BEGIN DATA SHOWN

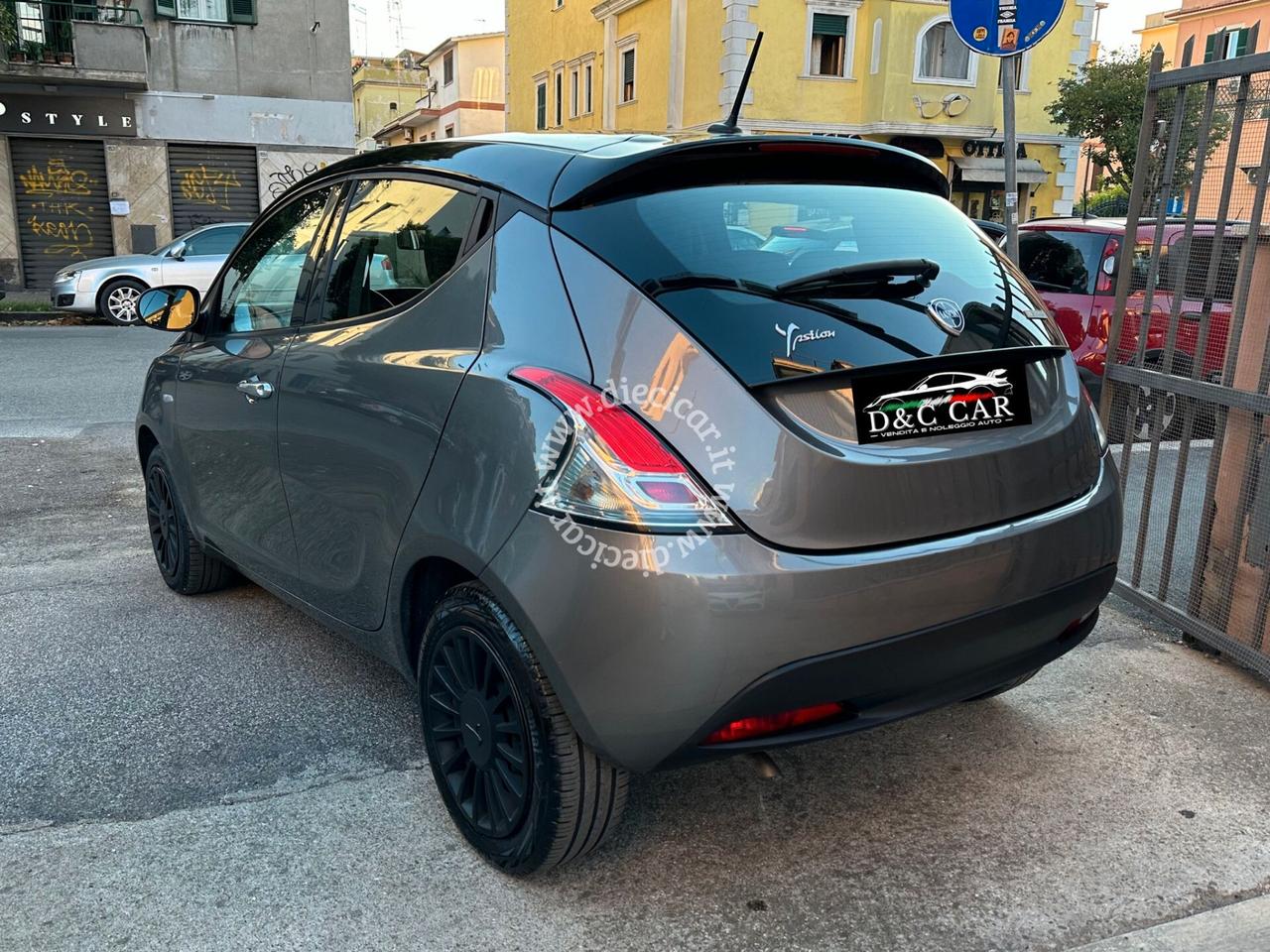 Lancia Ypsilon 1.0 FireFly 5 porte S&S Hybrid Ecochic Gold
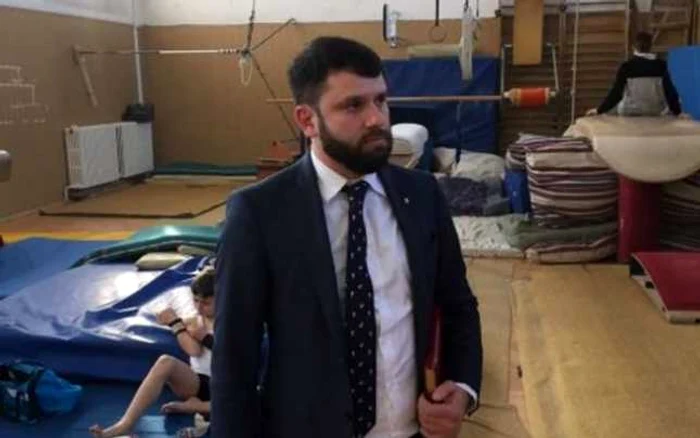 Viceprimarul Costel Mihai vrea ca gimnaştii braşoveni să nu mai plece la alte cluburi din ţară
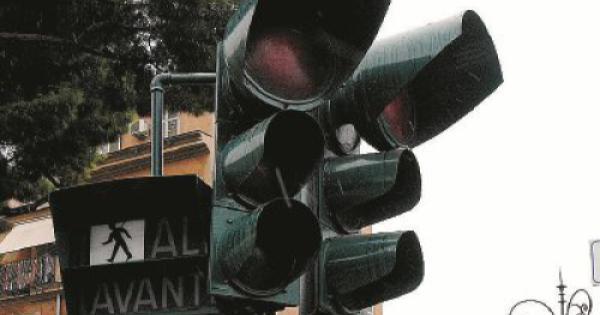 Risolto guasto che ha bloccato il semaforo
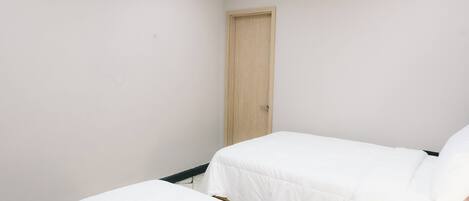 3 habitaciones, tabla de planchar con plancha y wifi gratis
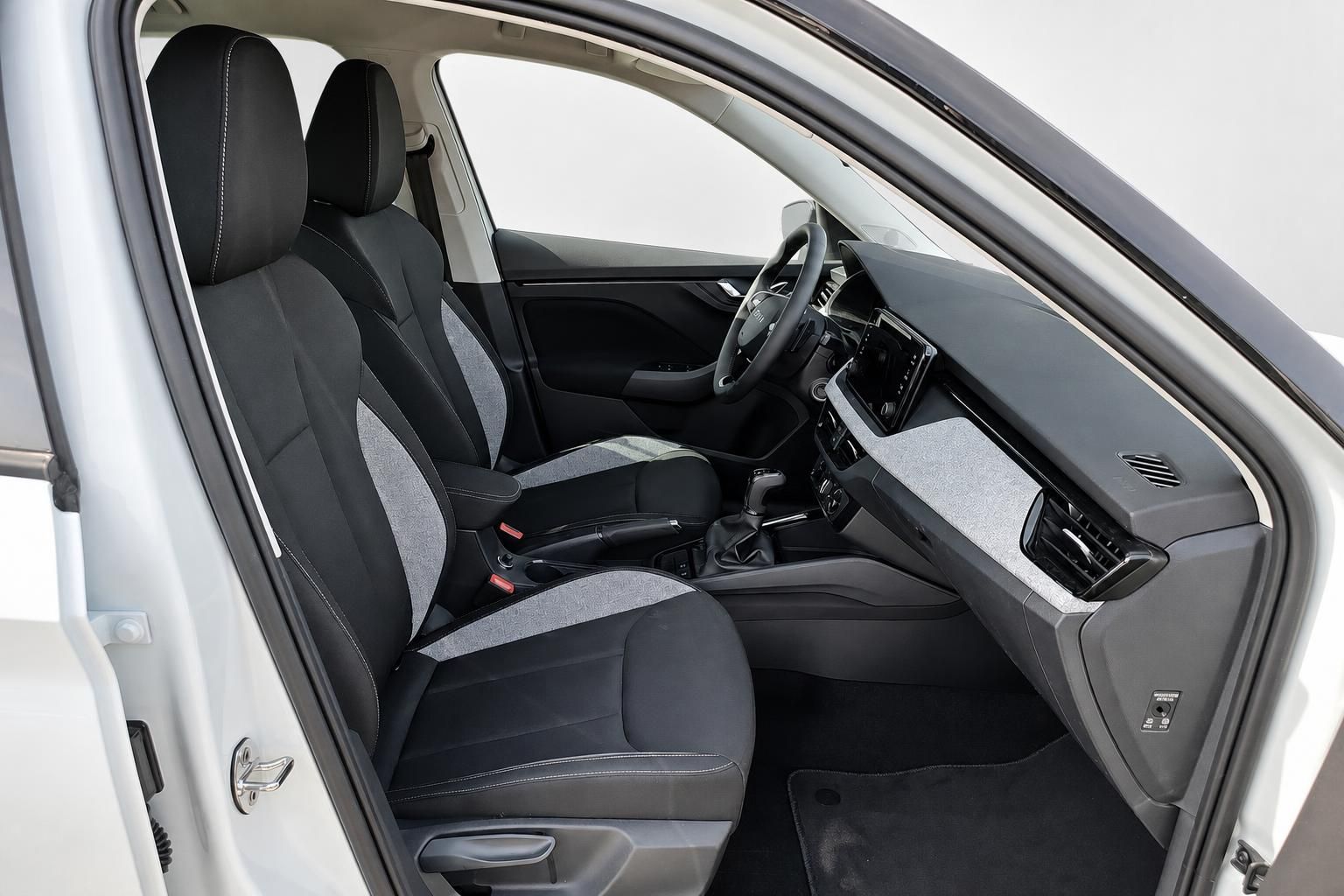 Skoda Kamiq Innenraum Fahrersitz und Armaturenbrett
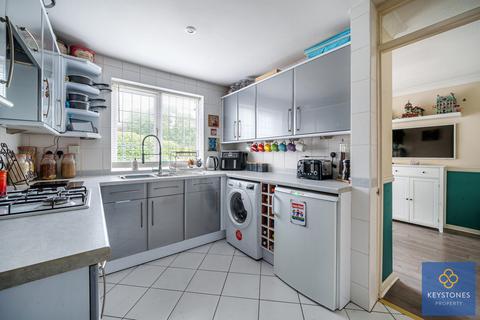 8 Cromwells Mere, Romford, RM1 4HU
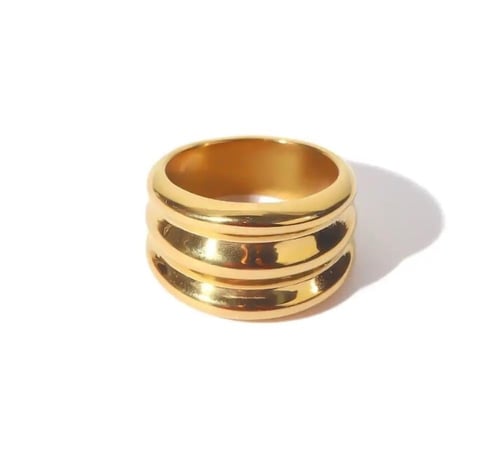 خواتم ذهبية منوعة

END DATA SHOWN
BEGIN DATA SHOWN

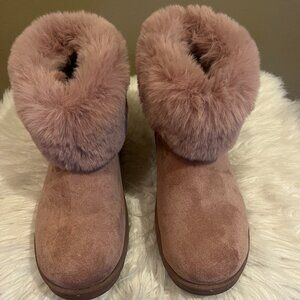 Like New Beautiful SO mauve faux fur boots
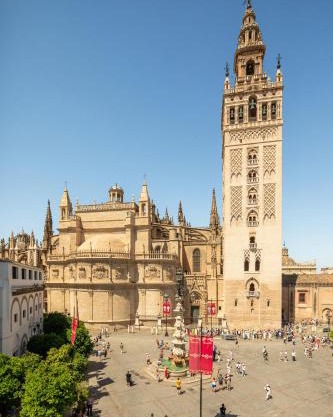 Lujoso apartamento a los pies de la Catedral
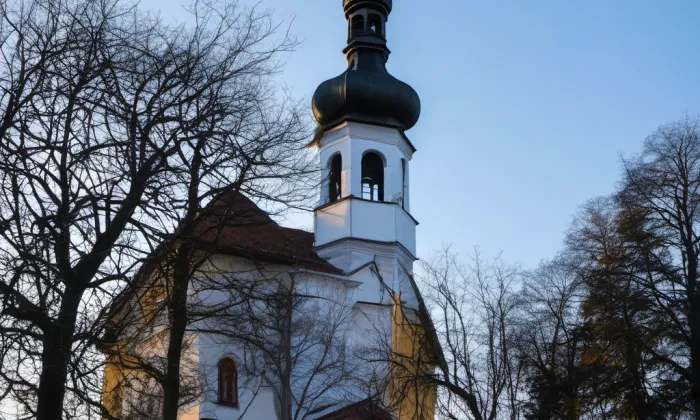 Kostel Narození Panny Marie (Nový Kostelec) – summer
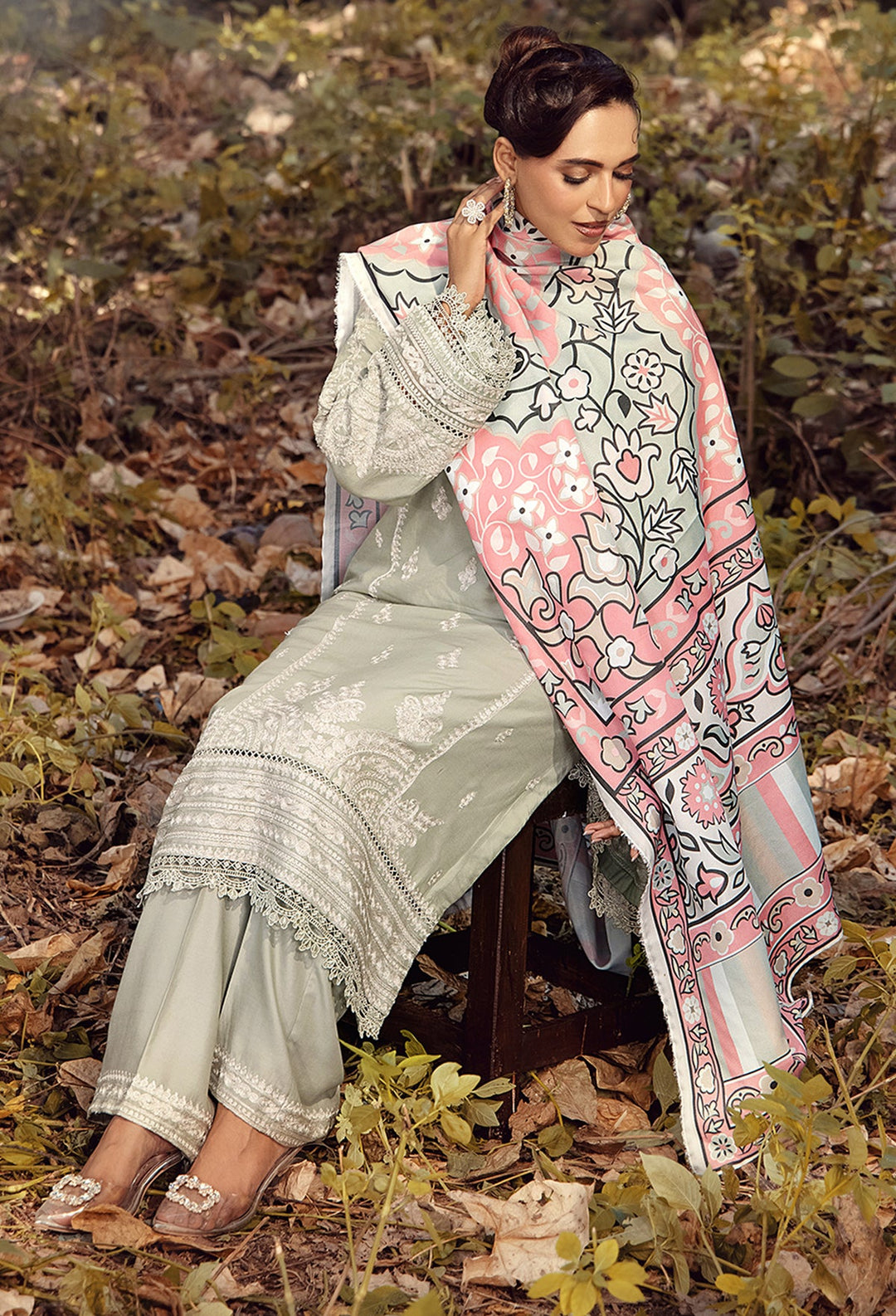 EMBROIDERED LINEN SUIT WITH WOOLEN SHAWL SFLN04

END DATA SHOWN
BEGIN DATA SHOWN

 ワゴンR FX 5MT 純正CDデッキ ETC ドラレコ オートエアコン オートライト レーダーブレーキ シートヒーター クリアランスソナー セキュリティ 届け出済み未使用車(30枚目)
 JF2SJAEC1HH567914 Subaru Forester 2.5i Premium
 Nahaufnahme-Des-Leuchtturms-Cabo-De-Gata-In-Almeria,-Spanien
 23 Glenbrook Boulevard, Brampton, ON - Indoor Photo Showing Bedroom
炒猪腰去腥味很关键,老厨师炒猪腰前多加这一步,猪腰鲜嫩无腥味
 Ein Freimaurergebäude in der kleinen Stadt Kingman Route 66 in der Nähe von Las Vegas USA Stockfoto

END DATA SHOWN

TASK TO CARRY OUT: In the data above, start at the line holding "Lancia Ypsilon 1.0" and stop after the line holding "Skoda Kamiq Innenraum"; write out those lines exactly, without pictures.

OUTPUT:
 Lancia Ypsilon 1.0 FireFly 5 porte S&S Hybrid Ecochic Gold
 Viceprimarul Costel Mihai vrea ca gimnaştii braşoveni să nu mai plece la alte cluburi din ţară
 Risolto guasto che ha bloccato il semaforo
 3 habitaciones, tabla de planchar con plancha y wifi gratis
 Skoda Kamiq Innenraum Fahrersitz und Armaturenbrett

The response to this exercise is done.